Иван Козловский: «В чем счастье? Отдавай, что имеешь, и отдавай скорей»

12-21.jpg

30 лет назад, 21 декабря 1993 года, скончался великолепный тенор, народный артист СССР, один из любимых певцов Сталина, лауреат двух премий его имени Иван Семенович Козловский. В советское время он умудрялся быть ярким и «действующим» представителем православной культуры.

Он был «ровесником ХХ века» – родился в 1900 году, в крестьянской семье, в селе Марьяновка возле украинского города Белая Церковь. Отец был музыкальным человеком, прекрасно пел и играл на венской гармонике. У Ивана тоже был абсолютный слух и от природы поставленный красивый голос. В восемь лет мальчика отправили в Михайловский Златоверхий монастырь, где он пел в церковном хоре. Позже Козловский рассказывал: «Моя мать мечтала, чтобы я стал священником, и меня отдали в школу, оттуда было «рукой подать» до архиерейского сана. После школы принимали в семинарию, где учились четыре года на священника. Если хотел стать богословом – еще один год. Потом можно было поступить в академию».

После революции планы изменились. В 1917-1920 годах Козловский учился в Высшем музыкально-драматическом институте им. Н. Лысенко. Да, в общем-то, и учить его особенно не приходилось – дыхание, звук и музыкальность Козловского были феноменальными от природы. Одновременно певец начал выступать в Полтавском оперном театре. Однажды ему пришлось в опере Шарля Гуно «Фауст» заменить заболевшего солиста, и Козловский блестяще исполнил заглавную партию.

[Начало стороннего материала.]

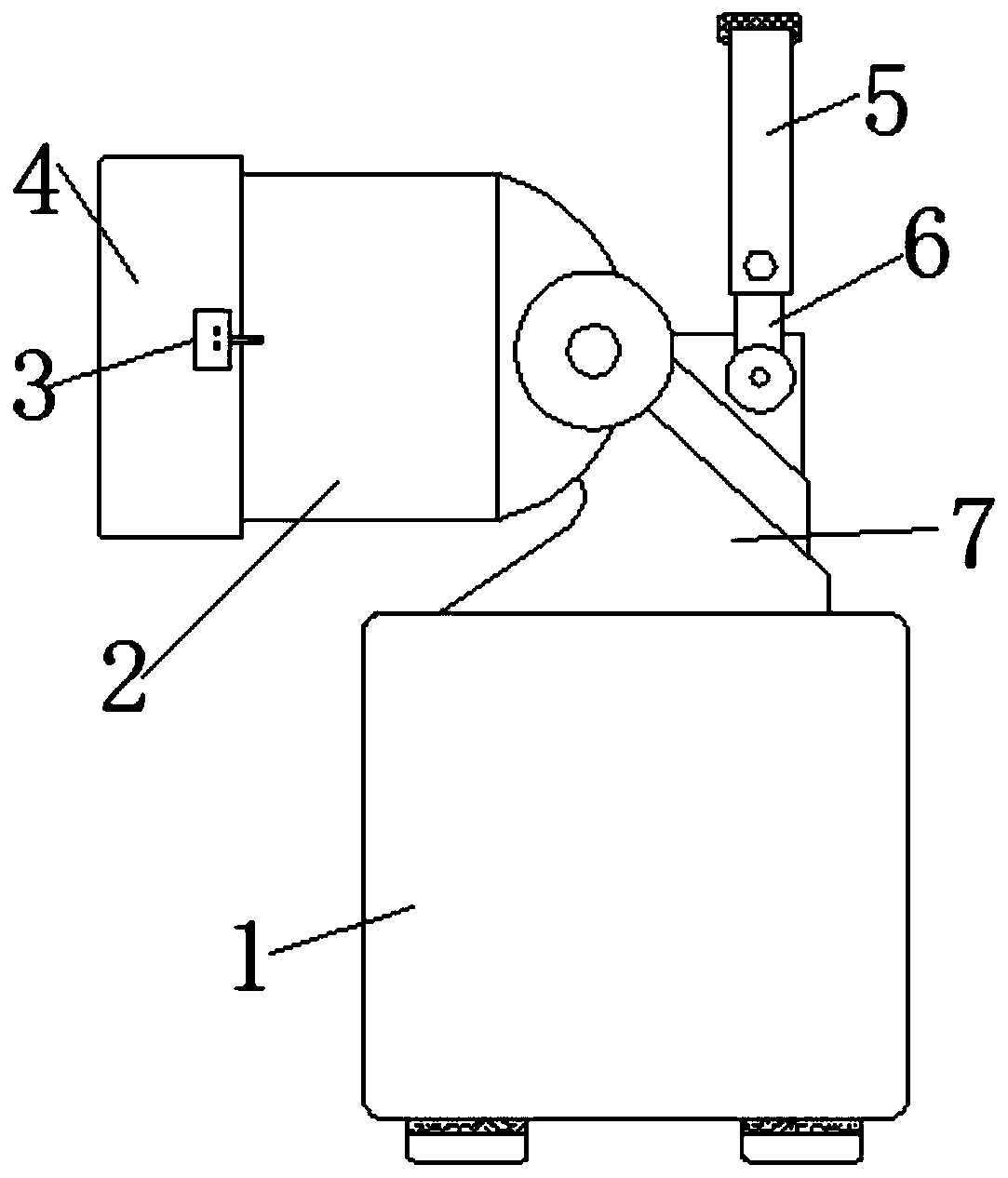 Explosion-proof searchlight convenient to mount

В 1920-м Козловского забрали в армию, он служил в инженерной бригаде и одновременно как-то умудрялся петь в Полтавском театре. В 1924-м его заметил известный в те годы дирижер Арий Пазовский и пригласил в Харьковский оперный театр. Через год Козловский пел в Свердловском театре, а в 1926-м был уже в Большом в Москве. Здесь он и встретился с Леонидом Собиновым, с которым его сравнивали в Киеве. Причем опять пришлось заменить заболевшего исполнителя партии Ленского в опере «Евгений Онегин». На спектакле Собинов почувствовал себя плохо, вызвали Козловского. И Собинов передал ему златокудрый парик «юного поэта».

Но Собинов был из предыдущего поколения. Главным конкурентом Козловского был Сергей Лемешев – тот был всего на два года моложе Козловского. Но голоса их производили на публику просто магическое воздействие. Толпы поклонниц встречали их после спектаклей на выходе из театра. Были две враждовавших между собой партии – «козловистки» и «лемешистки», и дело между ними доходило до нешуточных драк. Но сами артисты друг с другом очень дружили.

Во время войны Козловский много ездил с фронтовыми концертными бригадами. «Мне довелось много раз выступать перед фронтовиками, – рассказывал он. – И в госпиталях, и вблизи передовой. К раненым не раз ездил с Алексеем Толстым. Он читал свои рассказы, а я пел... Помню, прилетели в Харьков в день его освобождения. На Холодной горе еще фашисты были. Пою перед бойцами – тишина мертвая, никто не шелохнется, только слышно: самолет в небе стрекочет. Потом оказалось – вражеский самолет. Спокойно мог расстрелять нас из пулемета. Поэтому и сидели, не шелохнувшись...»

Рождественские песнопения в исполнении Ивана Козловского 

Последние годы Козловский жил очень скромно. Но при этом помогал многим людям. Передавал деньги известной пианистке и православной подвижнице Марии Юдиной для помощи репрессированным и бедствующим, посылал ссыльным тёплые вещи, лекарства и деньги. У Козловского искала защиты и человеческого тепла первая жена Федора Шаляпина с дочерью, оставшиеся в России после эмиграции великого певца во Францию и преследуемые как родственницы «врага народа». Помогал Наталье Рыковой, дочери репрессированного председателя Совнаркома, 18 лет отсидевшей в лагерях. Помогал ей деньгами, выхлопотал пенсию и жилье.

Он признавал любовь только жертвенную, в самом высоком понимании этого слова. Неоднократно говорил: «В чем счастье? Отдавай, что имеешь, и отдавай скорей. Вот в отдаче, видимо, и есть взаимное обогащение… Если испытываешь к кому-нибудь неприязнь, подумай о том, как ты ему можешь помочь». В последние годы жизни практически на каждой странице его дневника было написано: «Пусть будет добро… Надо делать добро…».